Why did we fund this award?
This award aims to replace mice in some breast cancer metastasis studies by adapting an in vitro method of co-culturing multiple cell types to investigate signaling events that prime secondary tumour formation.
The spread of cancer cells by metastasis causes the majority of breast cancer deaths in the UK. Metastasis research typically involves injecting cells from patients or cell lines to determine where secondary tumours form in the animal. These longitudinal studies require large groups of mice as animals are culled at specific time points to assess the extent of cancer cell colonisation. Professor Arti Ahluwalia (Co-Investigator) has previously established the Quasi vivo system, an interconnected cell culture flow system in which cells are maintained in individual chambers with media flowing through the whole system, such that cellular factors released at one site, pass between chambers.
Dr Hannah Harrison will adopt and adapt the in vitro method for her research, culturing breast cancer cells with other cell types from major sites of breast cancer metastasis, including bone, liver and lung cells.
This award was made in collaboration with Cancer Research UK.

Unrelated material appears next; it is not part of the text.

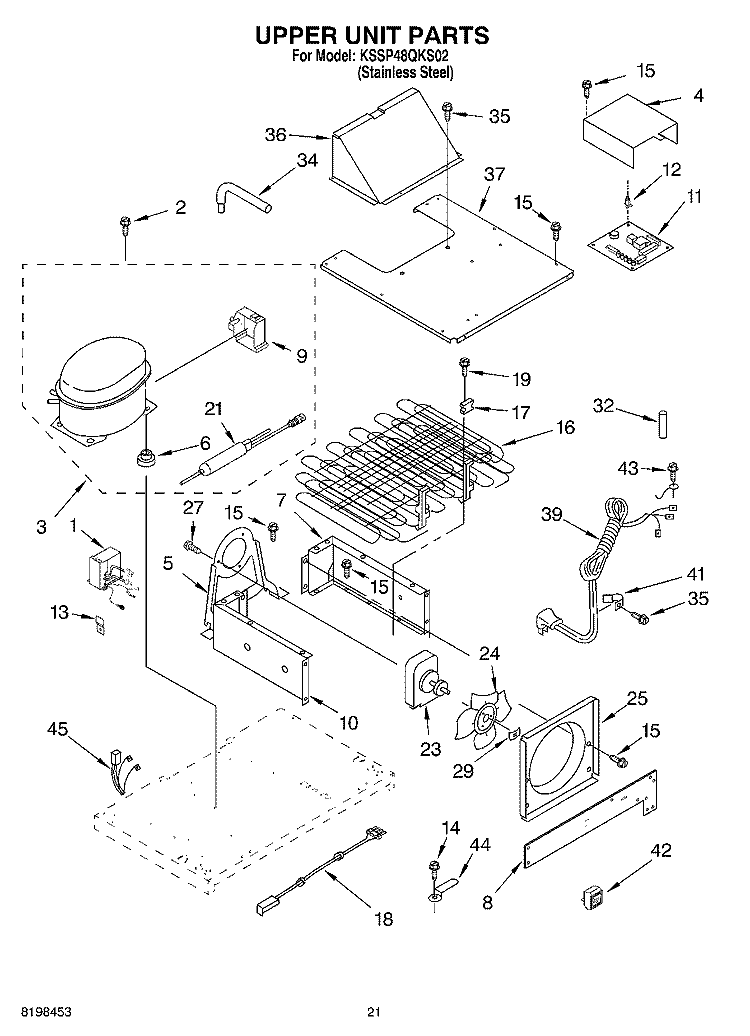 UPPER UNIT PARTS Diagram and Parts List for KSSP48QKS02  KitchenAid Refrigerator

Most breast cancer deaths result from metastasis and there is, therefore, an urgent need to understand the complex sequence of events that leads to recurrence. We hypothesise that the primary tumour influences the potential metastatic sites by signalling to them and directing them to change their environments making them suitable for the cancer cell's arrival. We will develop an in vitro method to model niche priming in which we can investigate the interactions between primary breast cancer cells and the typical sites of metastasis including bone, brain, liver and lung. We will use the Quasi vivo system in which cells from each site can be cultured in separate but connected chambers between which medium will flow constantly allowing signals released at one site to reach the others. We will identify the best culture conditions for our different cell types within the system by assessing different media composition, flow rates and cell density. We will then co-culture our breast cancer cells and distant site cells (Fibroblasts, osteoblasts, lung epithelium, hepatocytes and endothelial cells) and assess whether we can see changes in growth, survival and behaviour of each cell population.
This work will contribute to the NC3Rs aims to reduce and replace animal models as it will provide an alternative to rodent models of metastasis which will be applicable in cancer research.